Bereits im letzten Fiskaljahr hatte es ein nie vorher gesehenes Haushaltsdefizit von über 1 400 Milliarden Dollar gegeben. Im laufenden Fiskaljahr sind nun nach sieben Monaten etwa 800 Milliarden Dollar Defizit erreicht, das dürfte also am Ende ein ähnlich desaströse Zahl ergeben.
Mit solchen laufend sich ansammelnden astronomischen Defiziten Monat für Monat steigt aber die Gesamtverschuldung schnell an – und die ist bereits heute aus dem Ruder gelaufen. Da die Staatsausgaben in keiner Weise gebremst werden, bedeutet das eine Explosion der US-Staatsschulden, die nun exponentiell ansteigen.
Dabei ist diese Exponentialkurve der gesamten US-Verschuldung bis jetzt noch nicht einmal durch steigende Zinsen beschleunigt. Wird dies eintreten, entweder, weil man der Inflation entgegensteuern will oder weil die internationalen Gläubiger höhere Renditen verlangen, um US-Staatsanleihen zu kaufen, so wird diese Kurve bald fast genau in die Senkrechte übergehen – das haben Exponentialkurven so an sich.
Der einzige Ausweg aus dem völligen Desaster wäre für die US-Regierung, nun massiv Ausgaben zu kürzen und/oder Steuern zu erhöhen, aber genau das kann Obama nicht tun, denn er würde die geringfügigen Anzeichen einer beginnenden Erholung der Wirtschaft damit abwürgen.
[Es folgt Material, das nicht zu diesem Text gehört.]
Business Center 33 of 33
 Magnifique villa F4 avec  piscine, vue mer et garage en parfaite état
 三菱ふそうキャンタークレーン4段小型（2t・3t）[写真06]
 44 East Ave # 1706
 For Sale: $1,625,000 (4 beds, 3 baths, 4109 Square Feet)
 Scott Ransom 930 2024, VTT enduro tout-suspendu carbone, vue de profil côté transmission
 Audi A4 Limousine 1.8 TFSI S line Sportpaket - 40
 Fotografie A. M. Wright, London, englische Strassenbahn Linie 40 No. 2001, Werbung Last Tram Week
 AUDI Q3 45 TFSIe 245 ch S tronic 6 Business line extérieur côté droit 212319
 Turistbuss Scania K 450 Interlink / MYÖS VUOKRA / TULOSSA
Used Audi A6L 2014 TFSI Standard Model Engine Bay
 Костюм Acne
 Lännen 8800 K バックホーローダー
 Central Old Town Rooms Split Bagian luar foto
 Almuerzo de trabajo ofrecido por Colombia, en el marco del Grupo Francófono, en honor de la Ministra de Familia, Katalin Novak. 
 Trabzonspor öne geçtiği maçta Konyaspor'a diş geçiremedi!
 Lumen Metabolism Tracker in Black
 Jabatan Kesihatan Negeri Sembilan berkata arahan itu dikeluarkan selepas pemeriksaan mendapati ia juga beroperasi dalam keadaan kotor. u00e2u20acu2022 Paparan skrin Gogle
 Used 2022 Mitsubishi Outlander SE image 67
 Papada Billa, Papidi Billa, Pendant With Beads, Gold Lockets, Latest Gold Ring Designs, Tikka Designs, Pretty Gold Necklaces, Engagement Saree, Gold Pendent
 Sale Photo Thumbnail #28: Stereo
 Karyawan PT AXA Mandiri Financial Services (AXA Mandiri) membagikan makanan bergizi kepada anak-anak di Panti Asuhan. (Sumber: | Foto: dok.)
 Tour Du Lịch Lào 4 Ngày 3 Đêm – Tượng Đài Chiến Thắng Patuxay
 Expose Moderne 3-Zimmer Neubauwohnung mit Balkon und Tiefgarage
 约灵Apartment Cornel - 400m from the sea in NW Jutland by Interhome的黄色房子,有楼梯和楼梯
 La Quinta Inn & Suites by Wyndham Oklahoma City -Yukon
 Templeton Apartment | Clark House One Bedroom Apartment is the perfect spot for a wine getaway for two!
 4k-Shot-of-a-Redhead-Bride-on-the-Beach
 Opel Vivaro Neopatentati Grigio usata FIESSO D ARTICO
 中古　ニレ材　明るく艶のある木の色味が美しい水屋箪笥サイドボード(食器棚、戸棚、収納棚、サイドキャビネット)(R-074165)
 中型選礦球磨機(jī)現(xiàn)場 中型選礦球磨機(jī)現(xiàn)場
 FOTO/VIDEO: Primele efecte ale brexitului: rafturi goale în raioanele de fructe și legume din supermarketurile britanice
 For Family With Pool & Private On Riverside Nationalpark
Eine massive und schnelle Erholung und ein Zurück zu den Zahlen vor der Krise wäre jetzt das, was die USA bräuchten, aber nichts dergleichen ist am Horizont zu sehen.
Auch die Behauptungen einer Besserung am Arbeitsmarkt lassen sich nicht in den Zahlen des Einkommenssteueraufkommen ablesen, - im Gegenteil. Bereits im vergangenen Fiskaljahr waren die Einkommenssteuereinnahmen von etwa 1 146 Milliarden Dollar auf 915 Mrd. Dollar eingebrochen. Vergleicht man wieder den Zeitraum der ersten sieben Monate des laufenden Fiskaljahres, so kommt nun noch eine zusätzliche Verringerung von über 11 % dazu, das sind jetzt schon etwa 33% weniger als noch im Fiskaljahr 2007/2008.
Die gesamte Staatsverschuldung der USA ist mit Stand vom 30. 4. 2010 auf fast genau 13.000 Milliarden Dollar gestiegen. Das ist auch für die stärkste Wirtschaftsmacht der Welt eine alles denkbare übersteigende Hypothek.
Bei jedem anderen Land mit solchen Zahlen hätte bereits seit langem die Spekulation gegen die Staatspapiere begonnen. Aber auch die USA werden am Ende nicht gegen diese Spekulation gefeit sein.
Und dann ist Feierabend, denn niemand kann dann mehr „helfen“ angesichts solcher Zahlen.